Fifth, the Court may appoint counsel where the case will require expert testimony. Tabron, 6 F.3d at 156. The plaintiff's allegation of racial discrimination in the workplace would be understandable to a lay person without the assistance of an expert. Therefore, expert testimony is not essential to the plaintiff's ability to present his case. See, e.g., Montgomery, 294 F.3d at 504 (holding "expert testimony is necessary when the seriousness of the injury or illness would not be apparent to a lay person."). As such, this factor weighs against appointment of counsel.
Sixth, the plaintiff's inability to afford counsel alone is an insufficient reason to appoint counsel. Here, the plaintiff has not applied for in forma pauperis status and was apparently able to pay the filing fees. Montgomery, 294 F.3d at 505; Parham 126 F.3 at 461. Moreover, besides stating that she cannot afford an attorney on her own, the plaintiff has not provided the Court with any financial records upon which to determine her financial means. Nonetheless, even if the Court determines that the plaintiff is indigent, indigency alone does not warrant the appointment of counsel absent satisfying the other Tabron factors.

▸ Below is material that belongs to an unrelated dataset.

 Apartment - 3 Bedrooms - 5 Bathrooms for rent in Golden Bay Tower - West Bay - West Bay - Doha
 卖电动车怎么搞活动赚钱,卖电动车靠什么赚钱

Finally, the plaintiff has not described any attempt to retain counsel on her own. Congress enacted statutes such as 42 U.S.C. § 2000e-5(k) to give attorneys incentive to take meritorious civil rights cases. Cf. Owens-El v. Robinson, 694 F.2d 941, 942-43, 942 n.3 (3d Cir. 1982) (referring to the provision of the Civil Rights Attorney's Fees Awards Act, 42 U.S.C. § 1988, which provides that, in actions under a number of civil rights statutes, a reasonable attorney's fee may be awarded to the prevailing party at the district court's discretion). Presumably, having brought an action under Title VII, the plaintiff is in a better position to obtain counsel than a litigant who has not invoked a fee-shifting statute. The plaintiff has not, however, demonstrated that she attempted to obtain counsel before filing this application. The failure to provide any evidence of her efforts to obtain counsel weighs against appointment of counsel at this time.
For the foregoing reasons, the Court denies plaintiff's application for the appointment of pro bono counsel.